Era stato circa a metà pellicola che le canoniche sei ore – compreso il tragitto dall’aeroporto a casa sua – erano scadute e, come da copione, avendo preso famigliarità con la casa, Reiju aveva iniziato a mettere le mani dove non doveva, prendersi libertà non previste e comportarsi, in generale, in modo intollerabile.
Il problema? A differenza di tutte le donne a cui Kidd aveva provato a dare una possibilità, sbagliando ogni volta, lei non poteva sbatterla fuori di casa.
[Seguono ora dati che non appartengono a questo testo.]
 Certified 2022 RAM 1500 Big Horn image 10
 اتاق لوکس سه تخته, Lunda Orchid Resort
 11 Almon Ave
Con quel poco di pazienza di cui Madre Natura lo aveva distrattamente dotato, aveva provato a spiegarle cosa potesse e non potesse fare, sottolineando più volte che comunque non era necessario che facesse niente a livello di faccende domestiche, visto che Kidd nel proprio disordine ci viveva da sempre più che bene. Era andata a finire che Reiju aveva finito il succo di mela nell’arco della serata, probabilmente perché secondo una qualche tradizione russa a lui sconosciuta era maleducazione rifiutare un’offerta di chi ti ospita, Kidd il giorno successivo era andato bestemmiando a comprarne una quantità sufficiente da stipare un’intera anta della dispensa, con la sensazione che nei mesi a venire sarebbe scorso a fiumi, e Reiju aveva continuato a mettere le mani dove non doveva, combinando danni.
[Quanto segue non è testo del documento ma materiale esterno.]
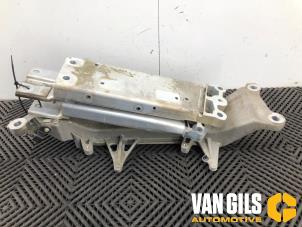 Gebruikte Versnellingsbak Steun Landrover Range Rover Sport (L1) 3.0 P440e Prijs op aanvraag aangeboden door Van Gils Automotive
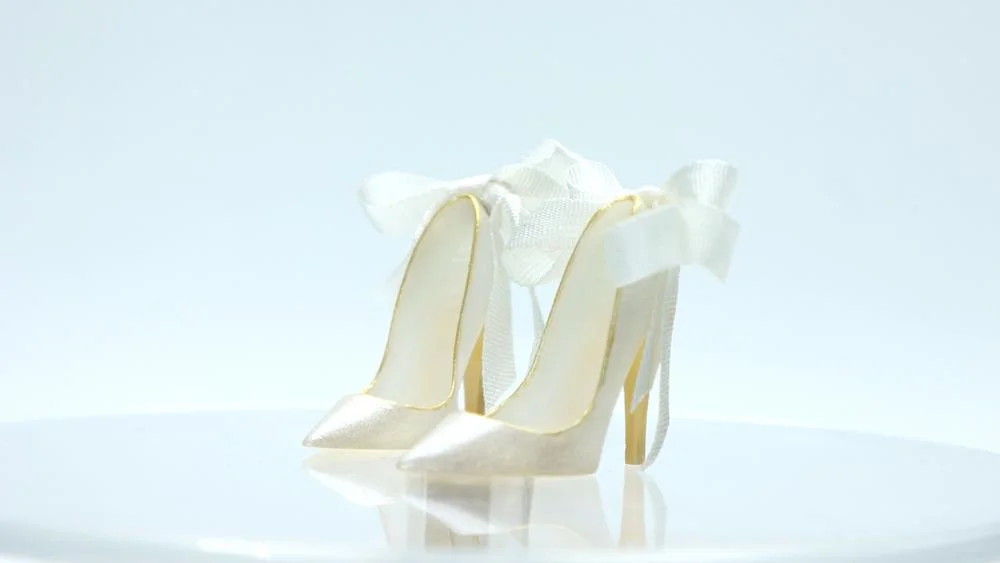 Classic Sophistication - Low Cut Pumps with Silk Bows, Gold Trim, Heel and Soles for Barbie - Image 3
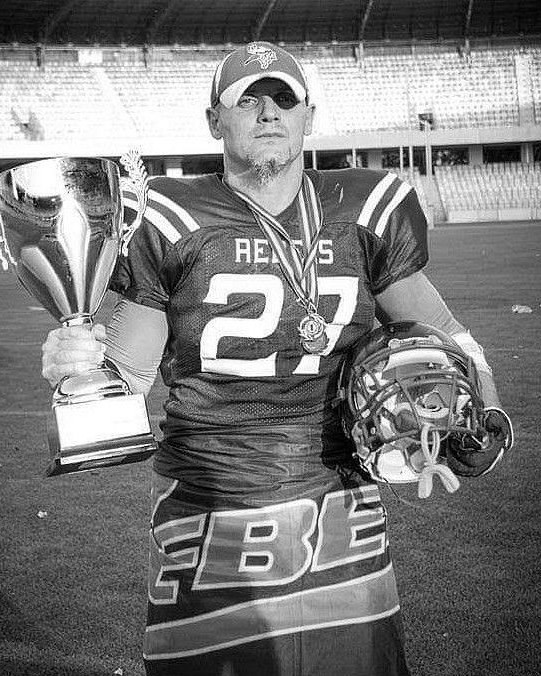 Robert-Sorin Ion, preparatorul fizic al echipei de rugby Steaua,  s a stins  la 52 de ani
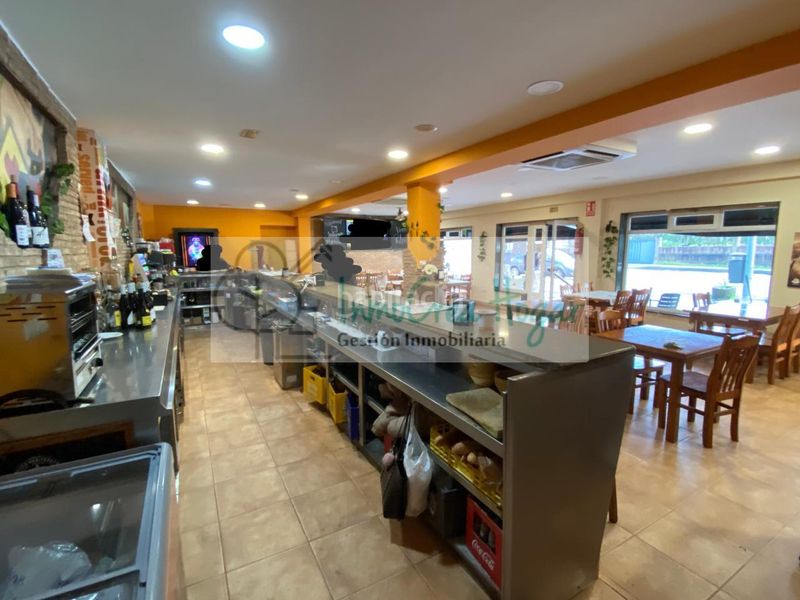 Foto a869ef90-2842-41df-8b93-e56b894cd546. Local comercial en Porriño (O)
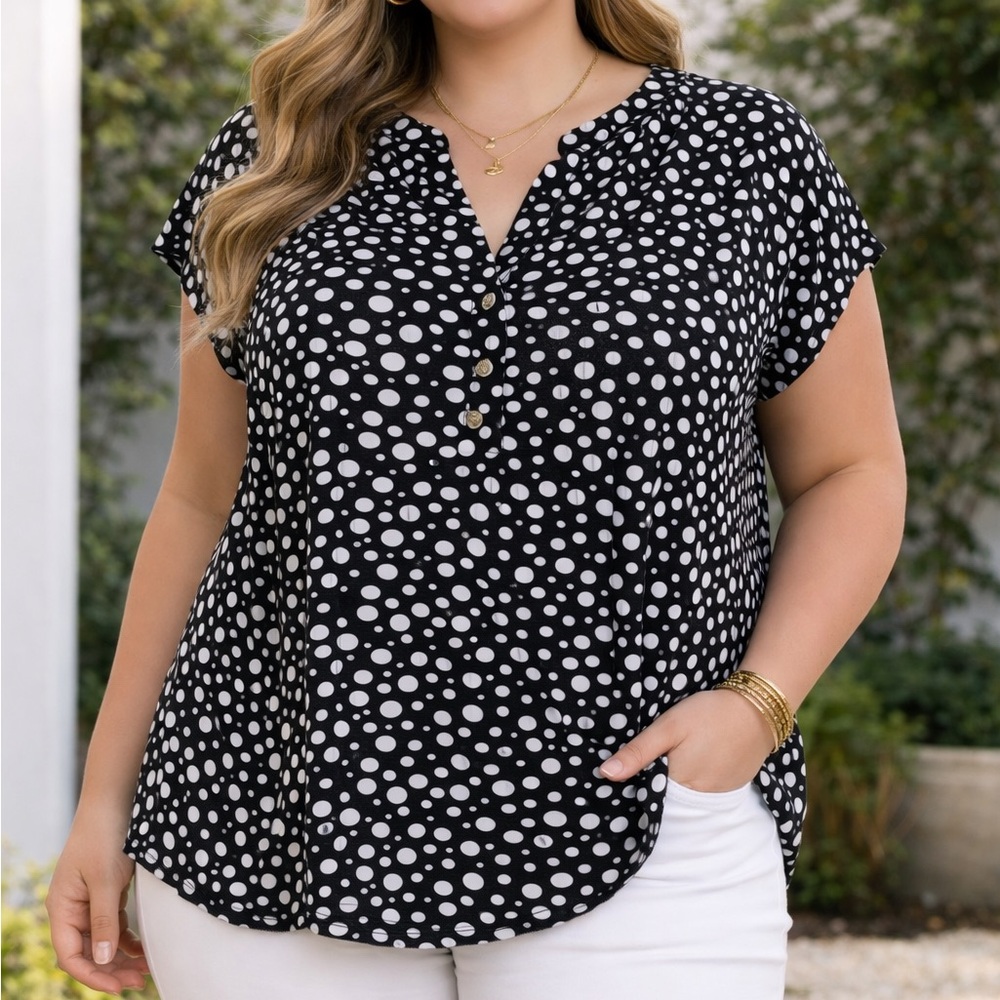 NWT Cocomo Plus Size 2X Black White Pintuck  1/2 Button Stretch Blouse Top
E quando un giorno Kidd non era riuscito a trovare la sua mazza da hockey portafortuna e avevano perso la partita, si era visto costretto a scegliere tra due sole alternative. Dire a Kuzan che ci aveva ripensato, far spostare Reiju in un’altra casa e chi se ne fregava se lì nessuno sarebbe stato in grado nemmeno di offrirle del succo di mela, oppure fare una cosa che mai, neppure in mille anni di vita, neppure sotto minaccia o in cambio di soldi, Eustass Kidd avrebbe fatto.
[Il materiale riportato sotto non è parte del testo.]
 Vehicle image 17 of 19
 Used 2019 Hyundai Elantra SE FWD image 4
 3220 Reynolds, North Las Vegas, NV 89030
Prendere un dizionario di russo, chiedere un aiuto a sua madre per essere sicuro di non fare stronzate con l’alfabeto cirillico e stilare una lista di poche, semplici regole da appendere al frigo.
La scelta era ovvia, non c’era nemmeno da pensarci.
Certi giorni, quando si avvicinava all’elettrodomestico per tirare fuori le uova o concedersi una birra, Kidd si fermava a fissare il foglio che non sapeva leggere ma su cui ricordava a memoria cosa ci fosse scritto e si chiedeva quale genere di disagio mentale lo avesse mai colto. Perché mai si fosse dato tanta pena, a che scopo avesse sacrificato tutto quel tempo per fare una cosa tanto stupida. Un ictus forse.
A volte quasi cedeva alla tentazione di chiamare Law per chiedergli di fargli un check-up ma per fortuna rinsaviva sempre appena in tempo. Fatto sta che una risposta, intanto, non l’aveva ancora trovata.
Di certo non aveva a che fare con lei. Non era per come sgranava i suoi già giganteschi occhi blu quando lui si alterava e il pensiero che a qualcun altro quella visione non sarebbe bastata per farlo desistere nei suoi rimproveri, non era l’entusiasmo che trapelava dalla sua voce quando, tornata a casa dopo un allenamento, gli raccontava nel dettaglio chissà cosa, pur sapendo che lui tanto non ci capiva una mazza, e non era neppure il modo in cui sembrava esaltarsi ogni volta che c’era del cibo che poteva mangiare con le mani.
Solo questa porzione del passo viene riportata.